The first European
nurses: the Grey Nuns Come to Alberta
The only concession they
made to the climate and the terrain was that they wore moccasins under their
habits. They walked beside the oxen for fifty-two days, from St. Boniface
to Lac Ste. Anne, fifty miles beyond Edmonton--a journey
that today takes twelve hours by train.
It was 1859 and a call
had gone out from the mission at Lac Ste. Anne for Grey Nuns to come and
begin missionary and hospital work among the Indians. Indian medicine still
held sway in Rupert's Land. Midwifery, "summer complaints" and
war wounds were all treated with herbs and plants, methods handed down from
generation to generation. However, 1859 was also the year that Florence Nightingale
published her Notes on Nursing, designed mostly to help mothers of sick children. It
was a departure from what was usually understood of the term “nursing.” Change
was on the way.
More Grey
Nuns arrived in Rupert's Land in 1862, this time in St. Albert, and had soon
built a hospital, an orphanage and a school. Less than ten years later they
were dealing with a smallpox epidemic that decimated the community and the
surrounding aboriginal communities - two thirds of the population caught the
disease and half of those who were infected died.

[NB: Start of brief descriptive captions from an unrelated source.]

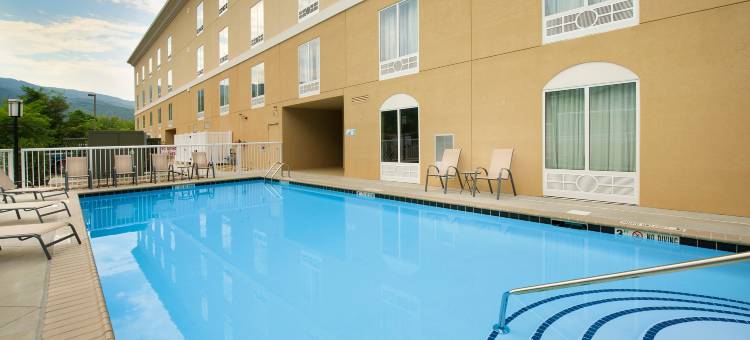 卡里维尔智选假日套房酒店(Holiday Inn Express & Suites Caryville)图片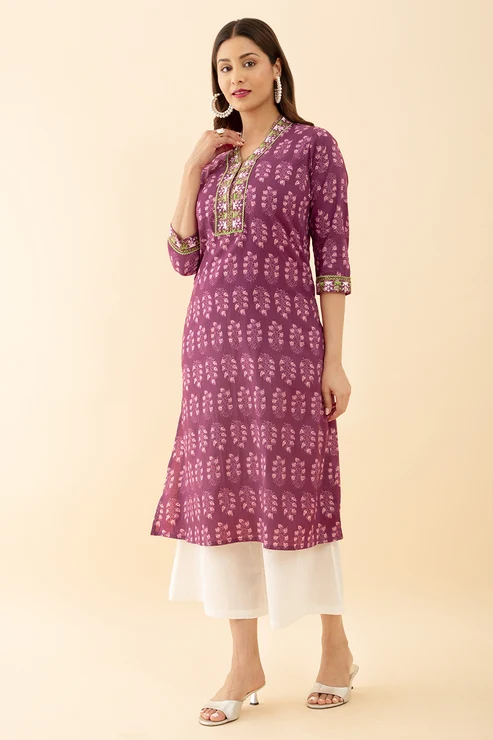 Pink Floral Printed Kurta Embroidered Ethnic Wear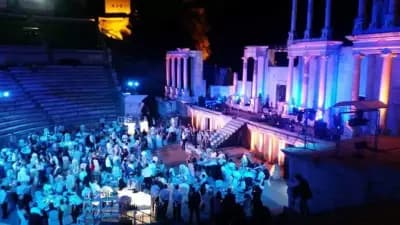 Външни и Градски Коледни и Новогодишни декорации и Украси | Корпоративни партита | Декорация за събития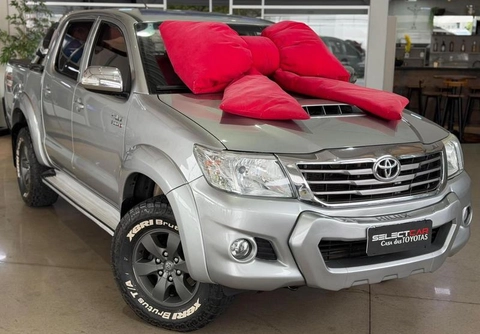 Toyota Hilux 2015 Prata — foto 1 de 3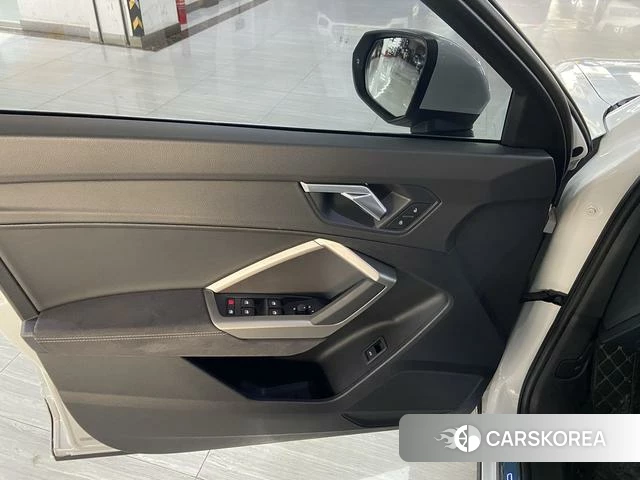 Audi Q3 id 4306983 из Китая 9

The following year a Board
of Health was set up for the new North West Territories (no longer Rupert's
Land) and, with the arrival in Fort Macleod of the North West Mounted Police
the first lay hospital was established in 1874.
These early
nurses didn't just nurse--they ran orphanages, they taught school, they kept
a very important garden, and, in between all the other jobs, they cleaned all
of the buildings. In Fort Chipewyan where they arrived in 1874, three sisters
lived on the second floor of the shed that also housed the school, where they
and the volunteer worker took turns sleeping on one pallet. They still did all
the work of nursing, teaching and providing food for their charges. The Grey
Nuns continued to serve the community of Fort Chipewyan until 1993.